Snowdonia with the Glyderau central, the Carneddau (North) and Snowdon Range (South)

The last time I had been on the mountain had been, incredibly, a long eight years earlier (see post #90) when I had gone up from Nant Peris. The thing is, from that direction, Elidir Fawr is a bit of a one-trick pony, but there’s another approach from the Deiniolen side of the mountain – that would do nicely!

The Route, clockwise starting at Talywaen near Deiniolen

I also wanted to make it a photographic trip – I’m very much an Olympus fan, and my regular camera is the E-M5 Mk3, which is weatherproof. The day was looking to be fair though, and the trip wasn’t very long, so I decided to take along my non-weatherproof E-M10 as well, with an ultra-wide lens to save the trouble of constant lens swapping – to give an idea of the width possible, the first image in this post was taken using the E-M10 and the ultra-wide lens. (I’ll put some notes at the end of this post for the camera geeks amongst you)

The road up to Marchlyn Mawr, with Carnedd y Filiast standing above

The route starts with a walk up a road, and as ‘Mist’ and I walked up we were passed by several cyclists on what is a fairly steep climb! The road seems a bit out of place unless you have looked at the map for the area – it’s there to service the reservoir of Marchlyn Mawr. Unlike many Welsh reservoirs that provide water for distant towns (and not all of them in Wales) Marchlyn Mawr is part of a power station.

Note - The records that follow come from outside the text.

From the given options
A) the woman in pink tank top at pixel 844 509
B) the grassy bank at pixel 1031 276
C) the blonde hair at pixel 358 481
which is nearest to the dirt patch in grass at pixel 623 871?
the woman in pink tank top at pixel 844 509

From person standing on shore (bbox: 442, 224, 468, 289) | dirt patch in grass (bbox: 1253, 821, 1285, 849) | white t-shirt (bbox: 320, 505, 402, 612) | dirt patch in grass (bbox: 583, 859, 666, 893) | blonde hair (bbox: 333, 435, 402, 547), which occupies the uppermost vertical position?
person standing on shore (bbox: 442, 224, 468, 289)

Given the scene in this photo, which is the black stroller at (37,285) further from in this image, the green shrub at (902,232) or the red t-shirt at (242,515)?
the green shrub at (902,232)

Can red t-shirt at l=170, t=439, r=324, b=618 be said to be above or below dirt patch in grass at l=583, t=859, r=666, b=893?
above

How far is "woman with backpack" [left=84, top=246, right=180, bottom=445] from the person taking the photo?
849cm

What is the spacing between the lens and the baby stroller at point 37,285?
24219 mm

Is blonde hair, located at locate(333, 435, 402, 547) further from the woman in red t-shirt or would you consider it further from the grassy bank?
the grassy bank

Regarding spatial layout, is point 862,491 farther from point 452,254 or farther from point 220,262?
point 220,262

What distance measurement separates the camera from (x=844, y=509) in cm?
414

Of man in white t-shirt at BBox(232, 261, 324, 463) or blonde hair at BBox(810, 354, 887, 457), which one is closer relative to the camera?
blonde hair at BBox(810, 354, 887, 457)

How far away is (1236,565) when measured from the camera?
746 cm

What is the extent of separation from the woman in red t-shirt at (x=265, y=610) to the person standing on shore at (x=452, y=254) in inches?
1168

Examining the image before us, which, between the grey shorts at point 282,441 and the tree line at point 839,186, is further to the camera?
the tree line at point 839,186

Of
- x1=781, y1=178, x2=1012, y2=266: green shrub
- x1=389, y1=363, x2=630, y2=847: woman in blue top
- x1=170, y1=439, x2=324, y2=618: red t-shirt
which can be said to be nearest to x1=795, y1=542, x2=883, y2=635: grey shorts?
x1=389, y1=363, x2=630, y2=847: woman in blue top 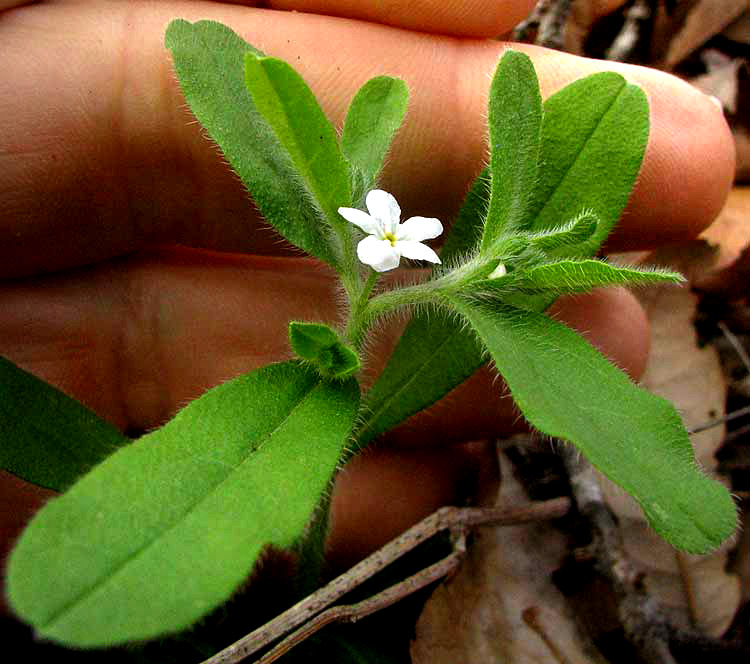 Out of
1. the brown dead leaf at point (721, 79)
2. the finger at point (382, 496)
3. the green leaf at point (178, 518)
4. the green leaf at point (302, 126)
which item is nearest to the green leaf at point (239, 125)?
the green leaf at point (302, 126)

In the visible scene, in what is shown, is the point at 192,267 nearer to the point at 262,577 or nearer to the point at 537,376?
the point at 262,577

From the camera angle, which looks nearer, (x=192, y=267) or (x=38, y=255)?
(x=38, y=255)

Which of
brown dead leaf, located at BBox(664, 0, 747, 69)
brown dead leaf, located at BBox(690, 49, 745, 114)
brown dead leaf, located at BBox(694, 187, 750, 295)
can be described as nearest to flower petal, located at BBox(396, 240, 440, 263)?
brown dead leaf, located at BBox(694, 187, 750, 295)

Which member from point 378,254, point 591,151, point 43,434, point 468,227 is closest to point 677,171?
point 591,151

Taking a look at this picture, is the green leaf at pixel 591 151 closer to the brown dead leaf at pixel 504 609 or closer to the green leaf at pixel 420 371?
the green leaf at pixel 420 371

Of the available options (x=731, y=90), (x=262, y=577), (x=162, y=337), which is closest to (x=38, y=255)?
(x=162, y=337)

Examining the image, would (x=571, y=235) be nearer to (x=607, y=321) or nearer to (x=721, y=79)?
(x=607, y=321)

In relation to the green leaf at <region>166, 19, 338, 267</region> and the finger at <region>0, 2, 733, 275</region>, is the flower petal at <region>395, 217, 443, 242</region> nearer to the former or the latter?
the green leaf at <region>166, 19, 338, 267</region> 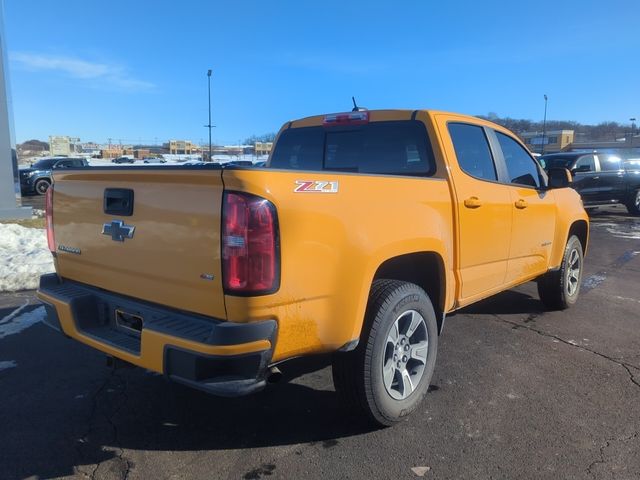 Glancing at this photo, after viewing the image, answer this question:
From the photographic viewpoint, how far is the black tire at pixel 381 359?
2.88 m

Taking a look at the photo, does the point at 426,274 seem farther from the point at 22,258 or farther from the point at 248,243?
the point at 22,258

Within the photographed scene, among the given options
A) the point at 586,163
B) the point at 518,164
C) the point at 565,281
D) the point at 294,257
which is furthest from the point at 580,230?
the point at 586,163

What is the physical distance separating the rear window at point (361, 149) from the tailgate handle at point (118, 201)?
63.4 inches

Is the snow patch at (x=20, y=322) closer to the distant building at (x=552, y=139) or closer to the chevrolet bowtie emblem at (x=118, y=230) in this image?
the chevrolet bowtie emblem at (x=118, y=230)

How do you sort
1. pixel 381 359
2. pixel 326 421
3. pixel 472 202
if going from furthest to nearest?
pixel 472 202 → pixel 326 421 → pixel 381 359

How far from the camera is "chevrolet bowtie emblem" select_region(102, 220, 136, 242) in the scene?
2768 mm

Carnedd y Filiast (right) with the unnamed top, aka Spot Height 721 metres

Dinorwig power station has become a tourist attraction in its own right, known to the world as ‘Electric Mountain’. Cheap off-peak electricity is used to pump water from Llyn Peris in the valley up to Marchlyn Mawr. When there’s a sudden surge of demand for electricity (tea breaks during important televised football matches are typical) the water can be released to provide almost instant power.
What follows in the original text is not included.